Digitaler Einzelhandel Edeka Paschmann testet KI-System gegen Warenschwund

Der Lebensmittelhändler Edeka Paschmann setzt in seiner Düsseldorfer Filiale erstmals in Deutschland künstliche Intelligenz ein und will so Fehlbedienungen an Selbstbedienungskassen erkennen. Das System analysiert das Kundenverhalten in Echtzeit und gibt Hinweise bei Scanfehlern. Zusätzlich gibt es eine KI-gestützte Alterskontrolle. 
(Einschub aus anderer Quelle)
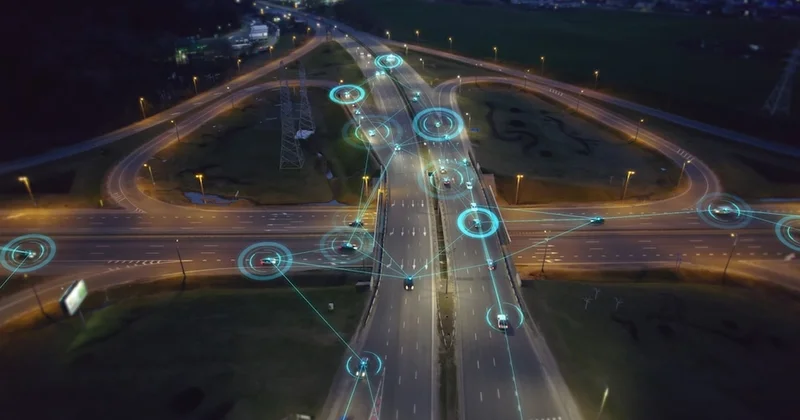 Otonom araç teknolojisinin öncüsüydü... Volvo ile çalışan dev şirket iflas etti Sözcü Gazetesi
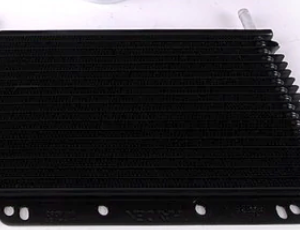ROTREX Oil Cooler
Donnerstag, 21. August 2025, 11:00 Uhr
Theresa Kalmer
Edeka Paschmann in der Düsseldorfer Suitbertusstraße ist der erste Supermarkt in Deutschland, der an seinen acht Selbstbedienungskassen die Lösung von Diebold Nixdorf einsetzt. Bildquelle: Edeka Paschmann

Der Lebensmittelhändler Edeka Paschmann hat in seiner Filiale in der Düsseldorfer Suitbertusstraße als erster deutscher Händler eine künstliche Intelligenz gegen Warenschwund an Selbstbedienungskassen installiert. Die Technologie des Herstellers Diebold Nixdorf soll Fehlbedienungen an den acht Selbstbedienungskassen der Filiale erkennen und damit sowohl unbeabsichtigte als auch bewusste Fehler beim Scanvorgang adressieren, wie das Unternehmen mitteilte. Das System arbeitet nach Unternehmensangaben datenschutzkonform, da weder eine Gesichtserkennung erfolgt noch Bilder oder weitere Kundeninformationen gespeichert werden.

Mitarbeiter bei Fehlbedienung nicht sofort informiert

Das System analysiert nach Angaben von Edeka Paschmann das Verhalten der Kunden mit Kameras in Echtzeit. Erkennt die Software einen missglückten Scan oder eine Fehlbedienung, erscheint auf dem Display der Kasse ein Hinweis. Die Kunden können den Scanvorgang dann ohne größere Unterbrechung des Bezahlvorgangs wiederholen.

Erst bei einer erneuten Fehlermeldung informiert das System die Mitarbeiter. Diese können anhand kurzer Videosequenzen nachvollziehen, wie es zu der Fehlbedienung kam, und den Kunden erklären, wie sich solche Fehler künftig vermeiden lassen.

KI-basierte Alterskontrolle für Verkauf altersbeschränkter Waren

Die Filiale hat zudem eine KI-basierte Alterskontrolle für den Verkauf von altersbeschränkten Waren wie alkoholischen Getränken eingeführt. Nach Angaben des Unternehmens können Kunden beim Kauf solcher Produkte wählen, ob sie ihr Alter automatisch per Kamera überprüfen lassen oder dies durch einen Mitarbeiter erfolgen soll.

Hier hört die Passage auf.